I’ve stopped reposting Facebook stories because they usually turn out to be hoaxes – credible hoaxes but hoaxes nonetheless. I double-check the genre stamp on books I read to be sure that they are fiction and not true stories. And I usually ask for a second opinion in matters of any importance.

But Stephanie Barron – you got me.

I was given a series of books as a gift some time ago and am only now getting around to reading them. In the first, Barron explains how she’d been asked to edit a collection of diaries by Jane Austen that had lain undiscovered in an old manor in Maryland for years and years and years. In her Editor’s note, she writes of how she’d visited her friends, the Westmorelands,  at Dunready Manor, as they were renovating. She gives details of the renovations and the work that led to the discovery of the fragile yellowed papers penned by Jane Austen, ‘a distant relative of the Westmoreland line’. She even tells of discussions about donating the manuscripts to the Johns Hopkins University and how the Bodleian Library in Oxford was also in the running. She had me from the git-go.

I read the first  – Jane and the Unpleasantness at Scargrave Manor – and from the opening lines I was convinced I was reading Austen.

When a young lady of more fashion than means has the good sense to win the affection of an older gentleman, a widower of high estate and easy circumstances, it is generally observed that the match is an intelligent one on both sides…

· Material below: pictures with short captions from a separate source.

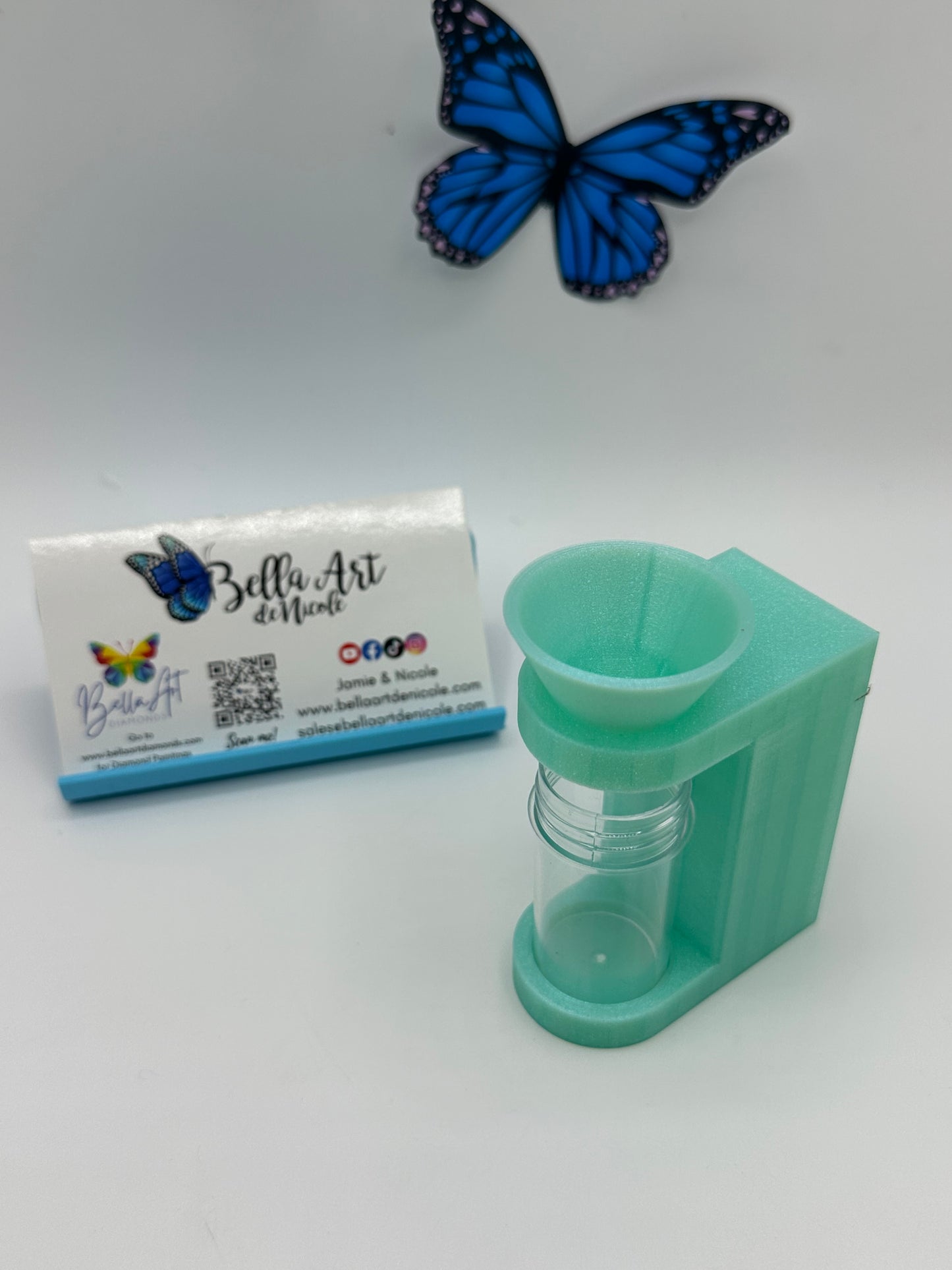 Hands Free Diamond Painting Funnel for Round Containers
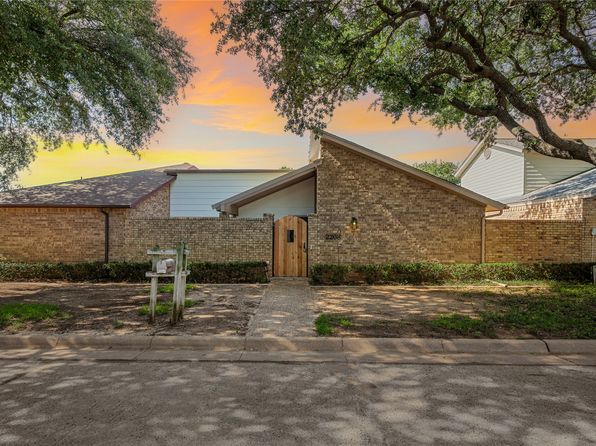 Home for Sale in Arlington TX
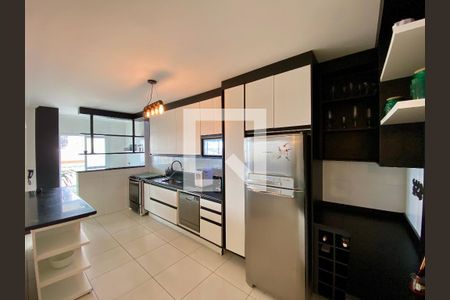 Sala/Cozinha de apartamento para alugar com 3 quartos, 168m² em Vila Assuncao, Praia Grande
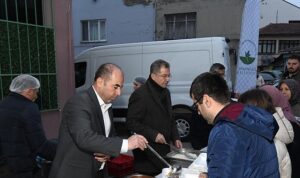 osmangazide-ramazanin-son-sofrasi-gulbahcede-kuruldu.jpg
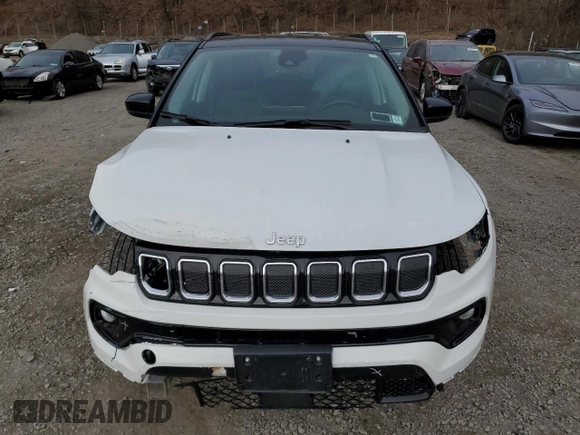 2022 Jeep Compass High Altitude with VIN 3C4NJDCB3NT228513, listed as a Copart auction lot 49411595 with 12,633 mi miles and Salvage Title. Bid and sale history available at carsss.com. Image 5.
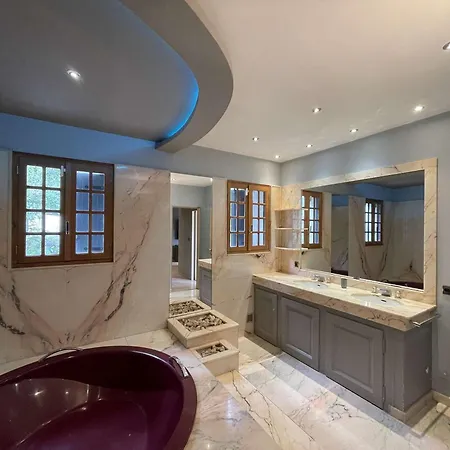 D'exception Avec Piscine Privee, Jacuzzi Et Climatisation - Fr-1-382-214 Ucel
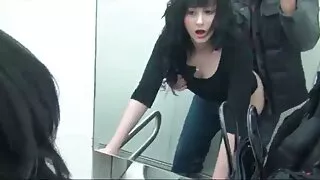 Infirmière coquine en bas et uniforme porno francais vieux jeune sexy Bonnie se déshabille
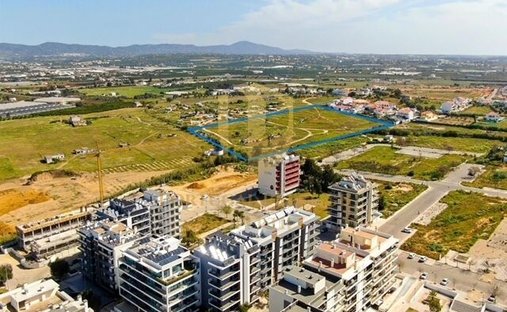 Terreno en Faro (Se y Sao Pedro), Algarve, Portugal 1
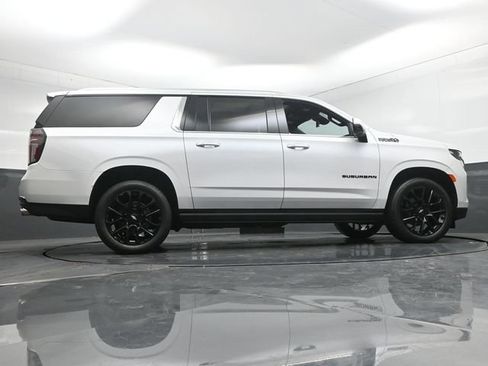 Used 2023 Chevrolet Suburban High Country AWD/4WD image 57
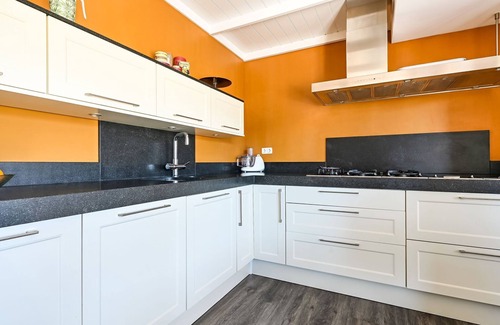 Hellendoorn House | Holiday Home in Hellendoorn with Garden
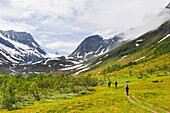 Wanderer auf dem Weg hinauf zum Gletscher Steindalsbreen, Lyngenalpen, Region Lyngen, Grafschaft Troms, Norwegen, Nordeuropa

Like Barron, I have little trouble believing that had Jane Austen been alive today, she’d be a right up with there with the best detective writers going. Her incisive brain, her wit, her independent streak, and her caustic commentary on  life all make for great observations and even greater stories. She was one smart lady.

I laughed out loud. I bookmarked. I underlined. Again and again, I marvelled at the choice of words and the wit. The Editor’s notes remind me of Jasper Fforde’s in his Thursday Next series – they both educate and enlighten. Not alone was the first book a great read and an excellent piece of detecting, it filled yet another gap in my history – the whole French/British thing of the early nineteenth century.

But Barron wasn’t editing original Austen diaries; she was channelling the words of the great lady herself. Or so she says. I don’t know what to believe any more.

So, one down. A second started. And eleven more to go. What’s not to be grateful for? If I don’t return your call or show up for lunch or dinner, I’ll be out with Jane doing a bit of detecting.